Vejo selarem um pacto silencioso, quando a aproximação mais intima é a morte.

Pois quando o herói é falho, resta à morte lhe provar humano. E a morte faz a lenda.

E o tiro pelas costas é muito menos um ato de covardia do que um pacto há muito tempo firmado.

E quando uma bela dança como essa se encaminha ao desfecho final, o estopim da arma busca o aplauso da platéia, que nunca vem.

E é o olhar carente, indefeso e ingênuo que saí ferido e que é tomado por covarde.

E o olhar que faz a lenda é pra sempre esquecido.

09 janeiro, 2011

Bagdad Café


Ao meio de lugar algum, pelo deserto do Mojave, um pequeno café. Por ali, personagens tão distintos e improváveis, que surreais. Surreais como um Magritte.

E é a miséria da rotina que massacra o cotidiano de cada pobre alma que paira inerte sobre a imensidão arrastada de um deserto sem tempo.

Enquanto isso, ferve o sol que traz à mente a loucura. E a pele da negra louca é só suor e a mente é só desespero.
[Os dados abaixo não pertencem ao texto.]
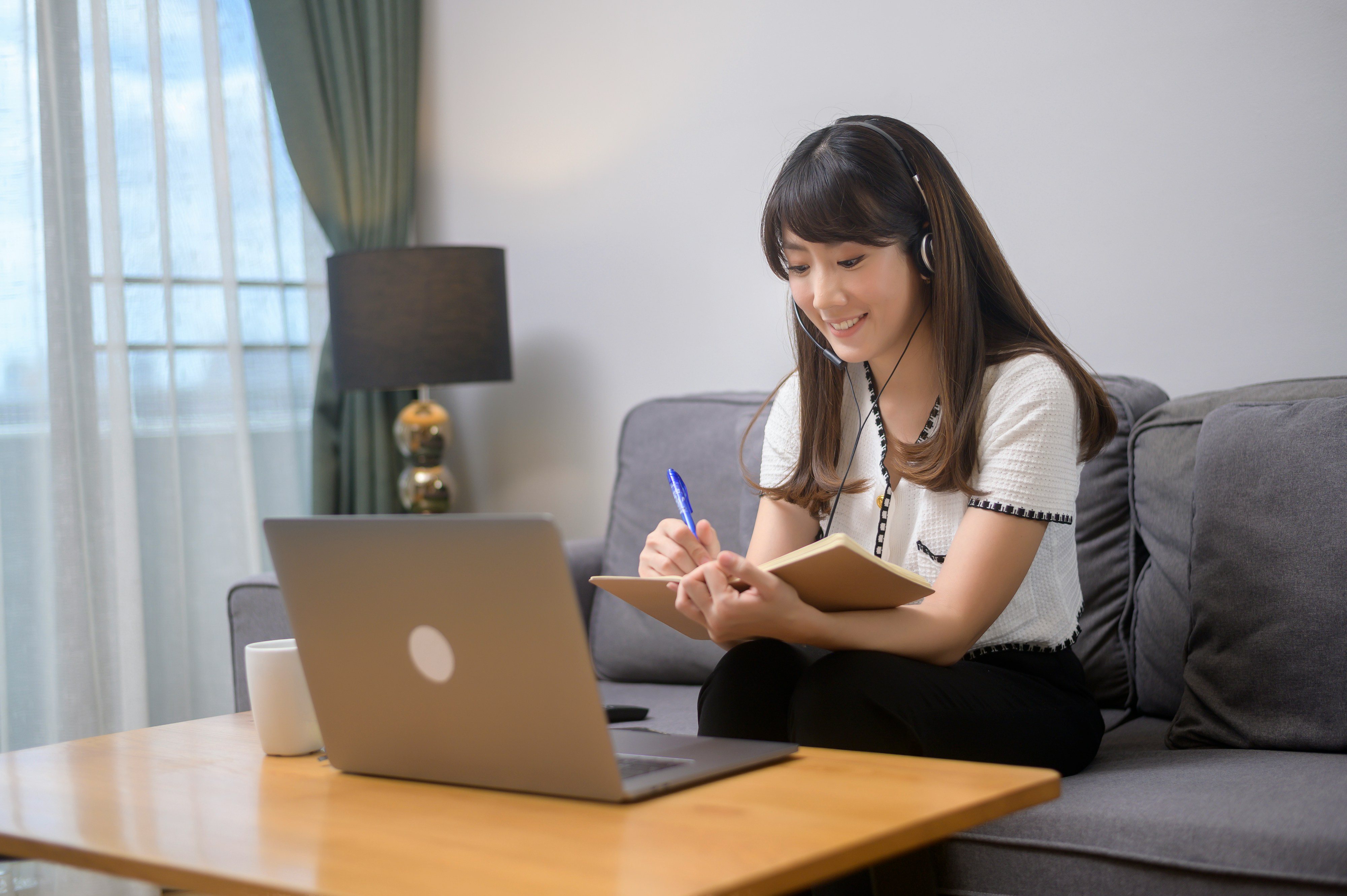 Learn@Home - Frau lernt zu Hause mit Laptop und Notizbuch für ihre Online-Ausbildung
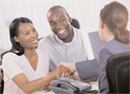 A man and woman shaking hands with a professional woman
E o resto é desamparo.

De onde quer que seja, da Alemanha, vem ao café uma senhora simpática, recém largada pelo marido, no meio da estrada no deserto do Mojave.

E como se fosse um bom filme, invés de uma bela história, uma negra, perdida em seu café ao meio do deserto, cercada de seus dois filhos, seu neto, e alguns hóspedes de seu hotel barato, encontra conforto na improvável estranha vinda de alguma parte da Europa.

E Bagdad Café é uma ilustração das relações humanas, em seu fragmento de mundo, em meio ao deserto do Mojave. E como é improvável o amparo que se encontra no outro quando a falta de perspectiva vai alem do horizonte de um deserto, e a mente ferve, solitária, sob o sol.

E Bagdad Café, em toda sua simplicidade, enigmático como um Magritte.

07 janeiro, 2011

O Pequeno Fogueteiro


Exemplar ao alto. Da esquina, o grito do jovem jornaleiro anunciava a morte do Pequeno Fogueteiro.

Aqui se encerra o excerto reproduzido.